Grève à La Poste : les négociations dans l'impasse

Publié le 04/02/2011
Les postiers de la plate-forme de Homécourt ne relâchent pas la pression. Ils bloquent toujours le site, tandis que la direction impose la levée du blocus comme préalable aux négociations. Encore une journée sans courrier.
Grève à La Poste : les négociations dans l'impasse
Grève à La Poste : les négociations dans l'impasse
Les postiers de la plate-forme de Homécourt ne relâchent pas la pression. Ils bloquent toujours le site, tandis que la direction impose la levée du blocus comme préalable aux négociations. Encore une journée sans courrier.

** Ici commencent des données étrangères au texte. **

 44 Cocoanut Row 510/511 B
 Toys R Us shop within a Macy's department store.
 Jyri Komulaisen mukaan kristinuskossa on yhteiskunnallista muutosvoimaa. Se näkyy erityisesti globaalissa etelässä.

Le Républicain Lorrain, Vendredi le 04 Février 2011 / MMN
 

 

De nombreux élus du secteur se mobilisent pour soutenir les grévistes. Mais pour l'heure, rien n'a bougé. Photos Frédéric LECOCQ

Voilà une rencontre qui n'est pas passée comme une lettre à la poste. Au contraire. Hier à 11h, directeur de la plate-forme de tri postal à Homécourt et syndicalistes ont échangé avec, à un moment donné, de nombreux élus du secteur comme témoins. Ceci dans la perspective de trouver un compromis et mettre fin au mouvement de grève (lire RL d'hier).

Mais selon les syndicats, les avancées proposées sont loin d'être à la hauteur de leurs attentes. Exemple : le passage de 15 à 20 journées 'intempéries' en décembre. En fait, les facteurs veulent surtout une compensation identique quel que soit leur moyen de locomotion. Ensuite, il y a le nombre des fameuses semaines de 'sécabilité' revu à la baisse. La direction en propose 14. Contre 12 pour les quatre organisations syndicales FO, CGT, CFDT et Sud. « Au départ, on voulait 8 semaines durant lesquelles on accepterait de prendre des bouts de tournée en plus. On a proposé de monter à 12. La direction ? De 17, elle est descendue à 15, mercredi. Puis 14 (hier) », détaille Alain Bonanséa du syndicat Sud. Au fil des heures, les deux positions tendent tout de même à se rapprocher...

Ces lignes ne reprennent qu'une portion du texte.